They stepped out of the tomb as a maintenance-servitor rushed past them. It was essentially a threaded vacuum-cleaner. From the mouth hanged a long elastic trunk it used to suck up all the dust in the hallway with. Carrus whistled pressing the depression in the door as soon as both were out of the room, the stasis-field were re-activated. Ionza then spoke up as the vacuum-servitor unearthed another tomb. "Carrus you should see this!" The excitement was heard in her voice. Carrus immediately spun around. He glanced right at the tomb of commissar Zephyr Carrus. He nodded and immediately made his way over whistling. Palm-print at depression, stasis-field deactivated. He stepped inside looking at the marble-statue there. Carrus just shrugged eying the price, the Rosarius around it's neck He went to grab it, even whistling.

Nothing happened, then suddenly the lid of the casket began moving. Carrus immediately darted back drawing his chainsword bellowing. "Stay back from me fiend I will tear you to shreds with the Headtaker my chainsword!" He used the bombastic statement to mask that he was too scared to even piss his pants. Out of the casket came a mummy, all decayed showing the advanced embalming-techniques used. It shambled towards Carrus who stood in the corner, chainsword activated, too scared to do anything but fight. Ionza came rushing in with her powered rapier preparred to strike. She stopped as she saw the calm moves of it. "Carrus, stand down!" She yelled at him, he loudly barked back. "What?!" Ionza calmed down seeing how the hands of the mummy went for the Rosarius around it's neck. "Stand down that's an order!" Ionza screamed it. Carrus calmed down a bit as the mummy shuffled closer.

"Beware of my namesake! Beware of my namesake!" The mummy called out to Carrus seeking him out without sight with a voice from the abyss sending chills down the spine of even the bravest of men. It shuffled closer to him falling apart at the spot. "Take my Rosariussssssssssss..." The s hanged in the air as it mixed with the hiss of the mummy disappearing into dust as the spark of the Emperor left the creature. Carrus still caught the Rosarius in time. He realized the long-lost relative have gave him a warning and a blessing. "Now I think we have disturbed-" Longer he didn't come before he heard commotion in the hallway, immediately he had Ionza thrown behind the wall, he peaked out with his lasgun aimed straight at his teachers and idols with a certain High Inquisitor in tow.

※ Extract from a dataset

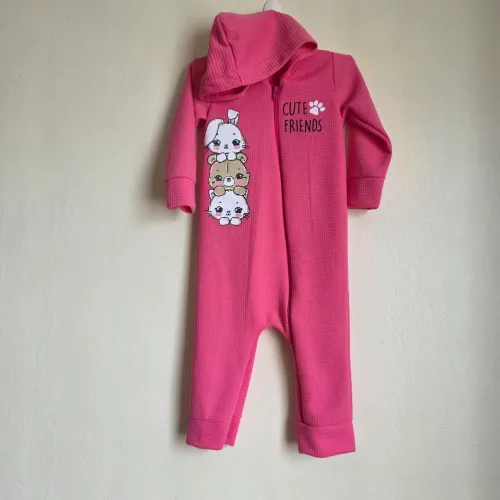 Pijama Infantil Tam: G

"What are you two doing here?" The voice of Natrax boomed, he looked enraged at the two pupils. Behind stood Harken and McLandi, behind them the hulking form of Selpid. "I'm here on business as a Techriarch, what the four are doing here disturbing the honored death is beyond me teachers and High Inquisitor." Carrus said though the stress of his recent experience was present in how he voiced the sentence and his bearing as he couldn't control a slight shiver after his latest brush with death. "Lets go somewhere else gentleman and ladies and leave this place silent for the Holy Martyrs of the Emperor *then Carrus hissed* And who is Zephyr Carrus?" The expressions of the four senior Imperial servants could be said to be hilarious as Carrus noted down they looked like speared groxes for four days straight in his private diary, something which was confirmed by Ionza's diary with the addition that McLandi actually looked pale by hearing the words.

"Ehm yeah, I will speak to you *Selpid sighed a bit, knowing Carrus never in a million years would shut Ionza out* and cadet Ionza about Zephyr Carrus in ten years, cadet Carrus, is that a deal?" Carrus smiled, then replied as they hurried through the halls of the dead. "That's a deal High Inquisitor, shall we spit and shake?" Both the High inquisitor and Storm Trooper cadet then spat at their palm, then shook, sealing the deal for eternity within the hallowed halls of the dead with four witnesses the second strongest oath in that part of the Imperium of Mankind, the only one stronger was the blood-oath committed in such a place. As they got outside Carrus whistled the servitors out of the tomb. "Excuse me Headmaster Natrax can I beg you for a favor?" He looked pleading at the tall missionary in the grey-black robe.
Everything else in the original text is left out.